It could easily have been lost in translation – after all, these guys are from Belgium – but even allowing for the nuances of language, humour and heavy irony you are always going to be taking one helluva chance if you choose to call your record Sincerely Average for fear that is exactly what it might end up being. Closer investigation reveals that its title stems from the fact that this début album from Mauro Pawlowski’s Hitsville Drunks (he of the electric guitar and the Belgian noir-rockers dEUS) is the most commercial record he has made since his work with Mauro on their 2001 album Songs From A Bad Hat.

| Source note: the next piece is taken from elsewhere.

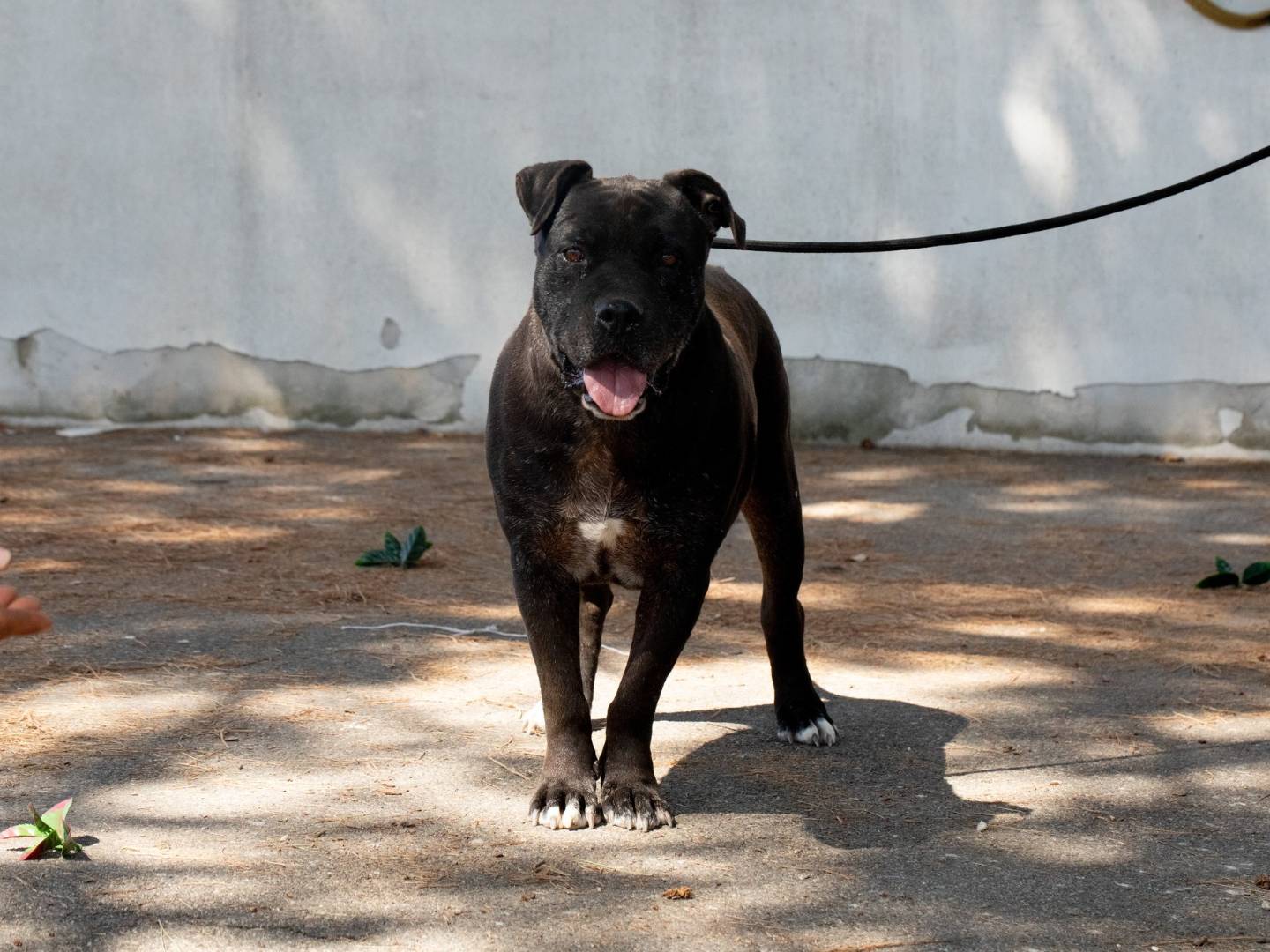 Adotta un cane, taglia media, maschio, Bari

Here Pawlowski has joined forces with his former companions in Mauro, Herman Houbrechts and Jan Wyngers on bass guitar and drums respectively, and erstwhile Sukilove guitarist, Sjoerd Bruil, and together they have turned that dial to a 1970’s FM radio station, setting their musical compass for Boston, Bob Seger, Bachman-Turner Overdrive and the land of the free.
There are moments when Pawlowski’s decision to “normalise” his sound seems completely justified; ‘Never A Strange Man’ is a quite glorious slice of driving-with-the-radio-on mid-tempo balladry and the foot is similarly taken off the gas for ‘Don’t Tell Her’ where Pawlowski’s drawl edges alongside that of Chuck Prophet. It is much less successful when they pick up the painting-by-numbers rock star manual for songs such as ‘Clean Adult Fun’ and ‘Retro Artist’ with their clunky references to consensual sex, The Osmonds and Queen. It is at moments like these that Hitsville Drunks end up choking on the dust of Tom Petty and The Heartbreakers but when taken in the round and with its handful of top tunes and firm grasp on melody, Sincerely Average does manage to haul itself up above the ordinary.
Sincerely Average was released on 7th April 2014 through Starman Records.